ARM has many cores now and a few instruction sets the cortex-m series works a little differently as far as not having a bunch of modes and different stack pointers. And when executing thumb instructions in thumb mode you use the push and pop instructions which do not give you the freedom to use any register like stm it only uses r13 (sp) and you cannot save all the registers only a specific subset of them. the popular arm assemblers allow you to use

push {r5,r6}
...
pop {r5,r6}

in arm code as well as thumb code. For the arm code it encodes the proper stmdb and ldmia. (in thumb mode you also dont have the choice as to when and where you use db, decrement before, and ia, increment after).

No you absolutly do not have to use the same registers and you dont have to pair up the same number of registers.

push {r5,r6,r7}
...
pop {r2,r3}
...
pop {r1}

assuming there is no other stack pointer modifications in between those instructions if you remember the sp is going to be decremented 12 bytes for the push lets say from 0x1000 to 0x0FF4, r5 will be written to 0xFF4, r6 to 0xFF8 and r7 to 0xFFC the stack pointer will change to 0x0FF4. the first pop will take the value at 0x0FF4 and put that in r2 then the value at 0x0FF8 and put that in r3 the stack pointer gets the value 0x0FFC. later the last pop, the sp is 0x0FFC that is read and the value placed in r1, the stack pointer then gets the value 0x1000, where it started.

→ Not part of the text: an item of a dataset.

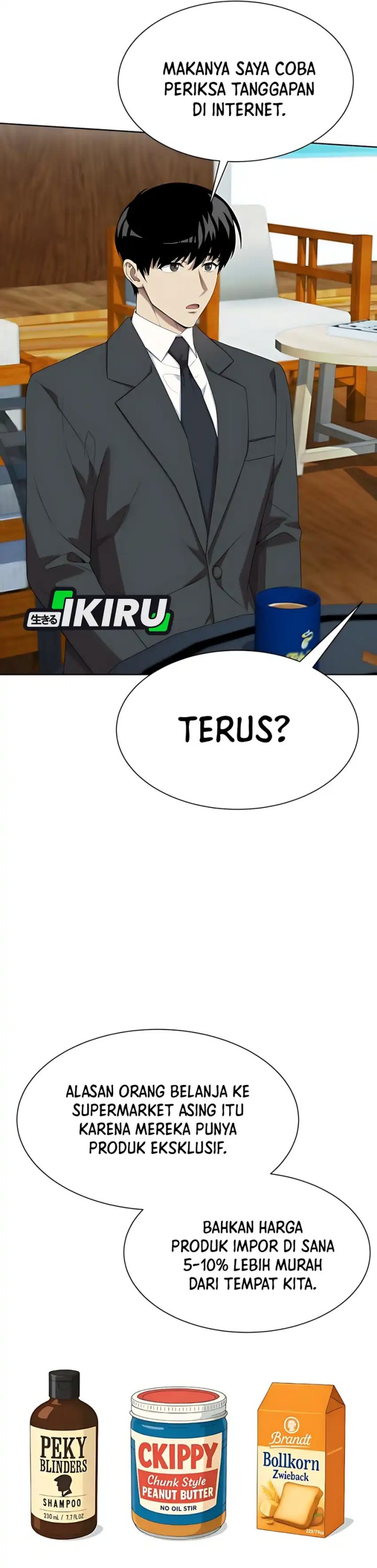 Becoming a Legendary Ace Employee Chapter 98 Gambar 46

The ARM ARM, ARM Architectural Reference Manual (infocenter.arm.com, reference manuals, find the one for ARMv5 and download it, this is the traditional ARM ARM with ARM and thumb instructions) contains pseudo code for the ldm and stm ARM istructions for the complete picture as to how these are used. Likewise well the whole book is about the arm and how to program it. Up front the programmers model chapter walks you through all of the registers in all of the modes, etc.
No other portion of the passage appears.